Os músicos de jazz norte-americanos historicamente sempre acompanharam e modificaram os estilos em virtude das circunstâncias políticas mas atualmente a tradição contestatária deixou de ser a “nota principal” considera o músico e professor, Ricardo Futre Pinheiro.

“No universo do jazz, que é o meu, vejo nas redes sociais os músicos norte-americanos envolvidos politicamente no ‘Black Life Matters’ ou contra Donald Trump, no contexto das eleições presidenciais, mas depois noto que na música falta a mensagem”, disse à Lusa Ricardo Nuno Futre Pinheiro, da Faculdade de Ciências Sociais e Humanas da Universidade Nova de Lisboa.

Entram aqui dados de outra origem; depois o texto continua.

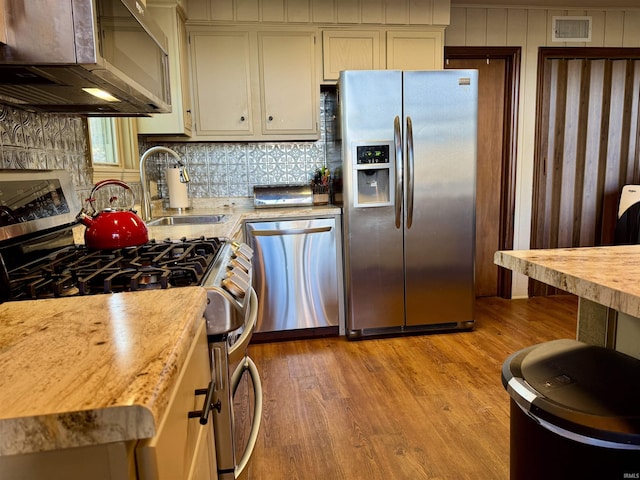 kitchen featuring sink, backsplash, appliances with stainless steel finishes, and light hardwood / wood-style floors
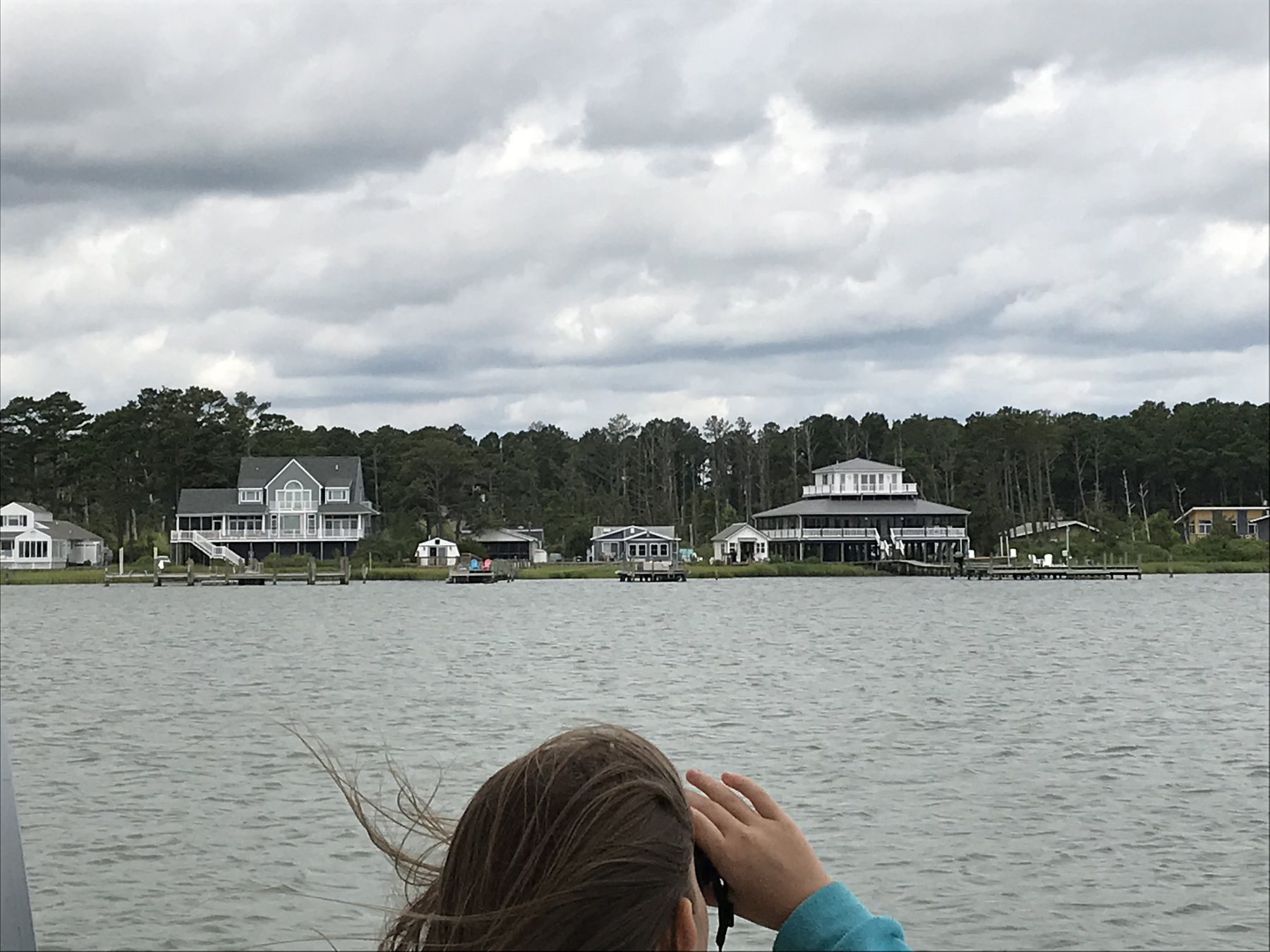 A child using binoculars from a boat while looking across the water toward shoreline homes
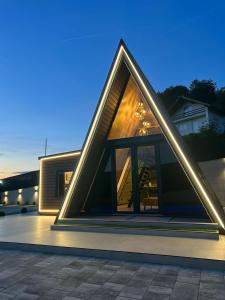 a house with a pyramid shaped roof with lights at A-Frame Villa - Kovačević Hills in Velika Kladuša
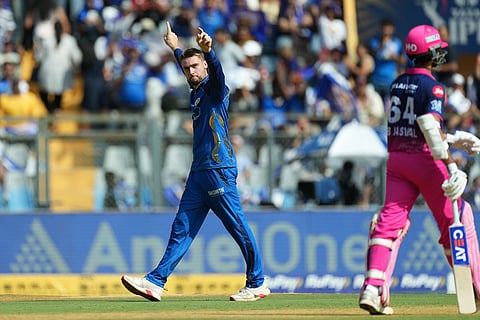Mumbai Indians' Will Jacks celebrates the wicket of Rajasthan Royals' Yashasvi Jaiswal, right, walks during the Indian Premier League cricket match between Mumbai Indians and Rajasthan Royals in Mumbai, India.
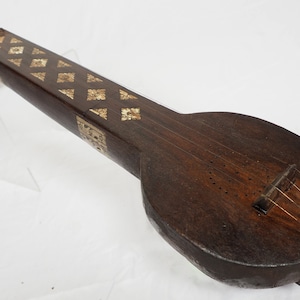 May include: A long, wooden musical instrument with a rounded body and a long neck. The neck is decorated with intricate metalwork. The instrument has a single string and a bridge.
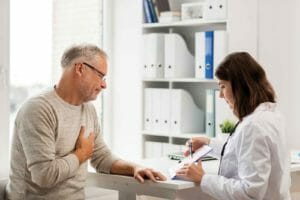 senior man with cardiologist
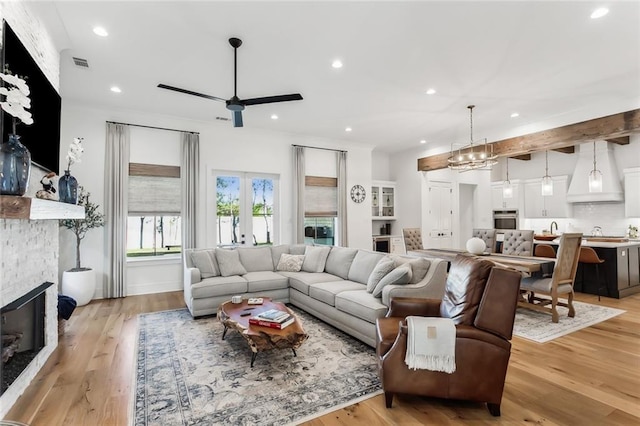 living room with ceiling fan, light wood-type flooring, a fireplace, and french doors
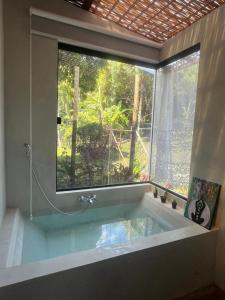 a bathroom with a bath tub with a large window at Jeribucaçu bangalô in Itacaré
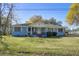 Quaint single-story home with a welcoming front porch and green lawn at 1925 Belgrade Ave, Charleston, SC 29407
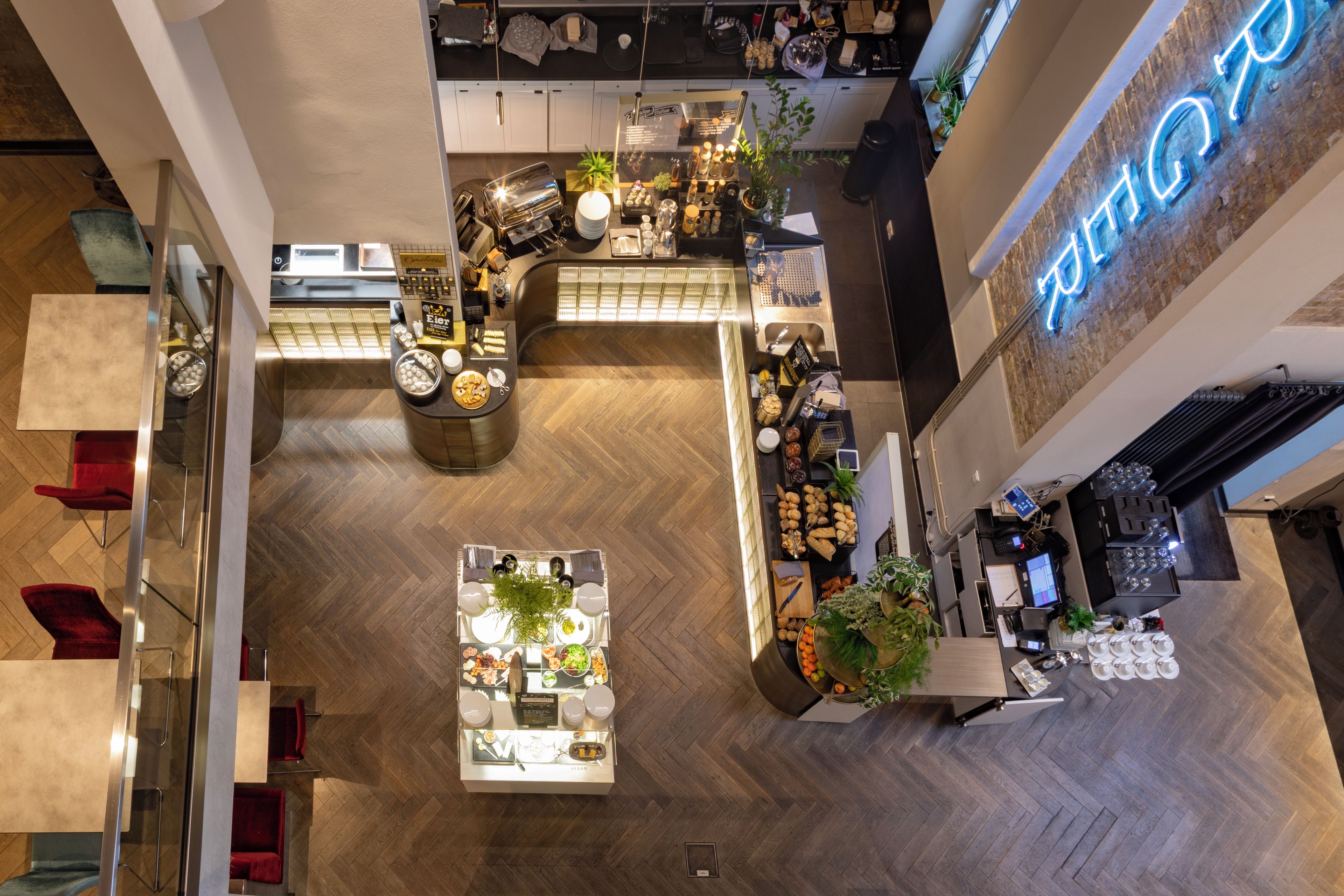 Ein Restaurant mit hohen Decken und offener Gestaltung, das eine zentrale Essbereich, eine Bar und eine Theke mit einer Neonreklame bietet.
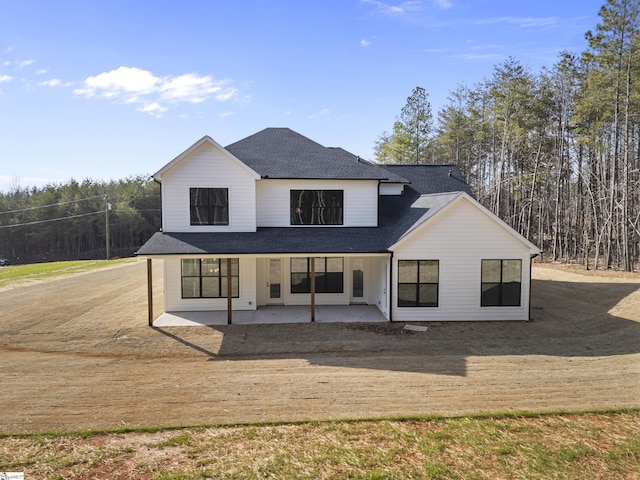 rear view of house with a patio area and roof with shingles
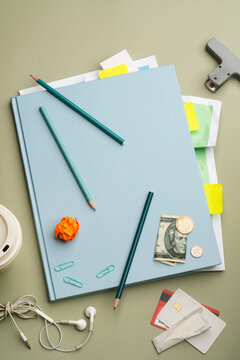 Back to school concept with scattered objects on blue notebook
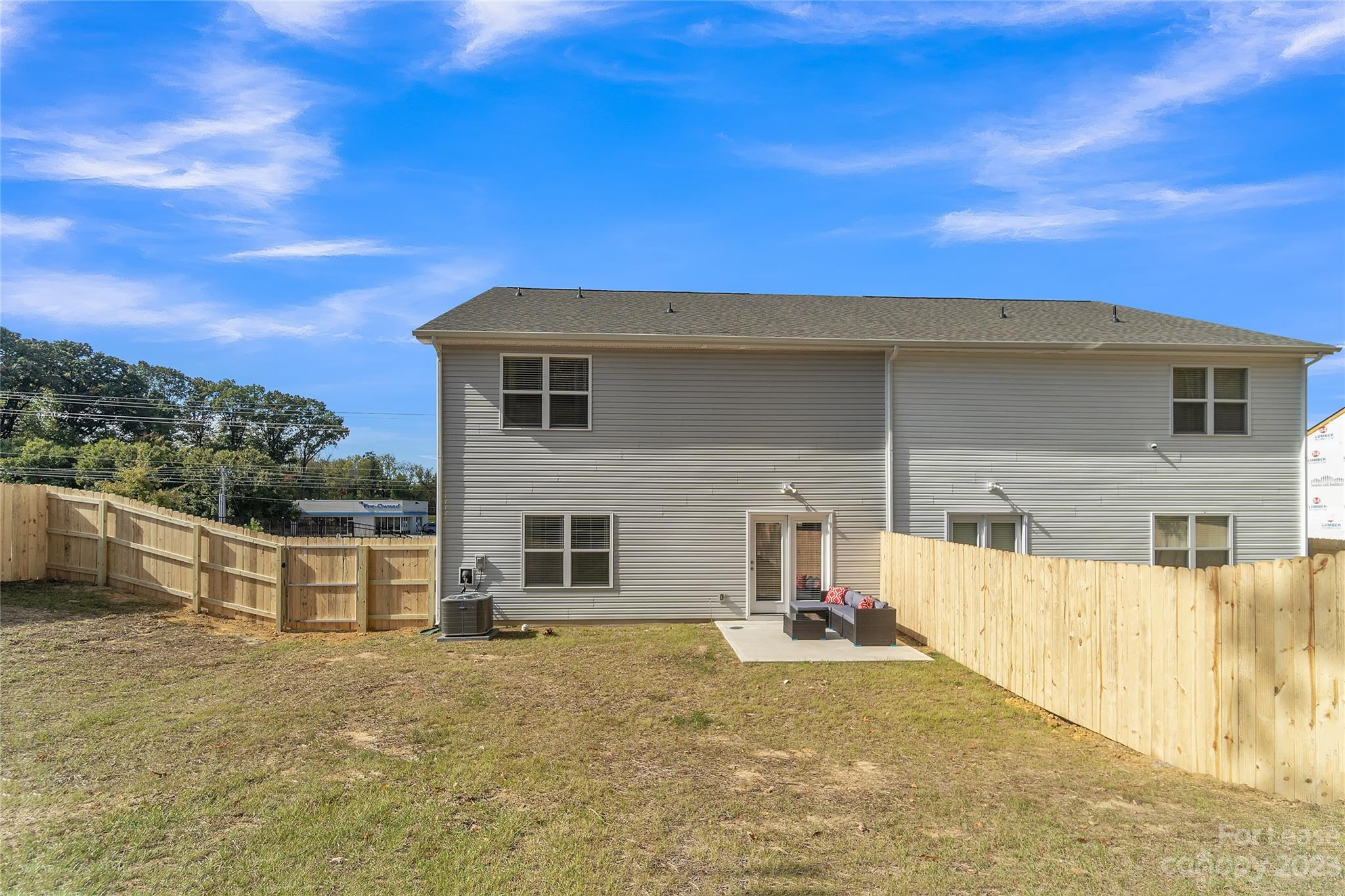 12840 Statesville Road, Unit 15B Huntersville, NC 28078 - Photo 36 of 37 a front view of a house with a yard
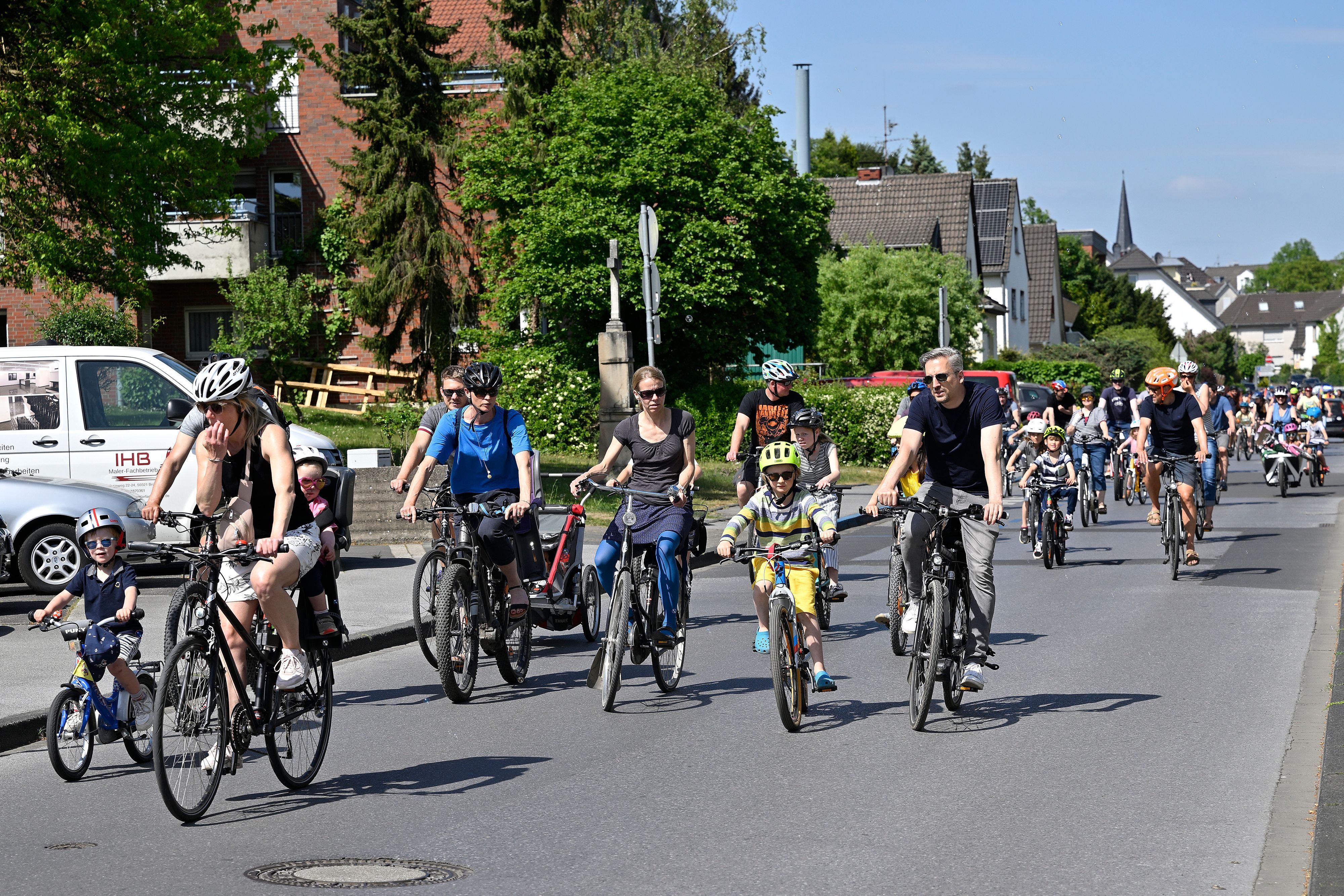 Erwachsene und Kinder fahren für die Demo Kodical Mass Fahrrad auf den Rösrather Straßen.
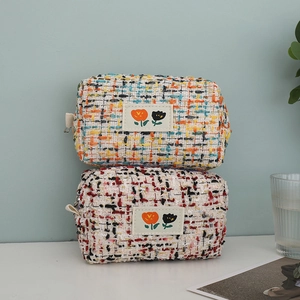 Detail of tweed makeup bags featuring floral patches and woven texture in two colors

O professor e guitarrista de jazz é autor, entre outros, do artigo académico “Playing out loud: Jazz music and social protest” sobre a relação entre o jazz e política nos Estados Unidos ao longo das últimas décadas assim como acompanha os fenómenos atuais que influenciam a criatividade.

“Ainda há músicas que posicionam os músicos politicamente, sobretudo o rap, o hip-hop, e outras músicas urbanas e que estão ligadas a aspetos raciais e políticos mas mantêm-se numa esfera mais obscura”, diz considerando que os aspetos comerciais têm sido decisivos.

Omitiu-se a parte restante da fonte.